**Dataset records:**
══════

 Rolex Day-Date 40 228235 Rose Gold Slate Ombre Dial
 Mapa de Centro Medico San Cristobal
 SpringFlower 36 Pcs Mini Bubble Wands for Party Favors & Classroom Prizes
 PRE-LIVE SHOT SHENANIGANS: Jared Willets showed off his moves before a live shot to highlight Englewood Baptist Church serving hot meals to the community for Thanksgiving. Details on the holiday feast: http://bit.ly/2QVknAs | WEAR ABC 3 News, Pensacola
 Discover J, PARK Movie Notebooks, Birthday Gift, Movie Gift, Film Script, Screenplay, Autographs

══════

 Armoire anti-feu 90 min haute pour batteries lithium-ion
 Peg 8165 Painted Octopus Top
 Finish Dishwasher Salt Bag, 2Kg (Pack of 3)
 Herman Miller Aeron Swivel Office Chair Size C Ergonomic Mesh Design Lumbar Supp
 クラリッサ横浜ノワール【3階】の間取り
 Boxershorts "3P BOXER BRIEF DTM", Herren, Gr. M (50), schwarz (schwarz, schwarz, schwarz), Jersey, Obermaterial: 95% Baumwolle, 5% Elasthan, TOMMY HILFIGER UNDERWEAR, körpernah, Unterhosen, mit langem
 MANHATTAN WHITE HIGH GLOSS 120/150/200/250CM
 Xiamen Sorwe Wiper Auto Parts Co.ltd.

══════

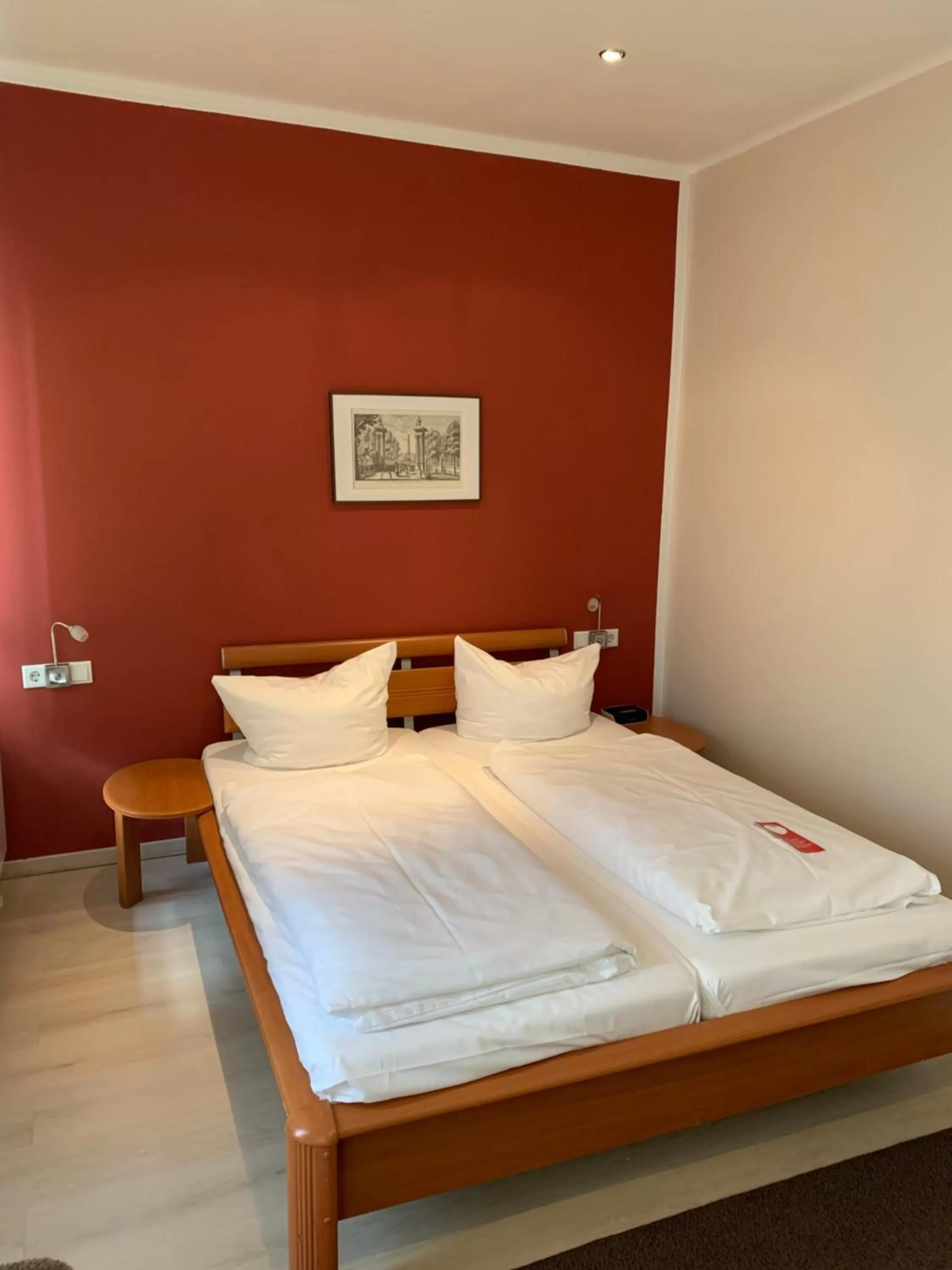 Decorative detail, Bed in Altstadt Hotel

══════

**Task directions:** From the entries above, write out only the lines starting at the line that holds "Peg 8165 Painted Octopus Top" and ending at the line that holds "Xiamen Sorwe Wiper Auto Parts Co.ltd.", keeping both and matching them exactly.

**Task output:**
 Peg 8165 Painted Octopus Top
 Finish Dishwasher Salt Bag, 2Kg (Pack of 3)
 Herman Miller Aeron Swivel Office Chair Size C Ergonomic Mesh Design Lumbar Supp
 クラリッサ横浜ノワール【3階】の間取り
 Boxershorts "3P BOXER BRIEF DTM", Herren, Gr. M (50), schwarz (schwarz, schwarz, schwarz), Jersey, Obermaterial: 95% Baumwolle, 5% Elasthan, TOMMY HILFIGER UNDERWEAR, körpernah, Unterhosen, mit langem
 MANHATTAN WHITE HIGH GLOSS 120/150/200/250CM
 Xiamen Sorwe Wiper Auto Parts Co.ltd.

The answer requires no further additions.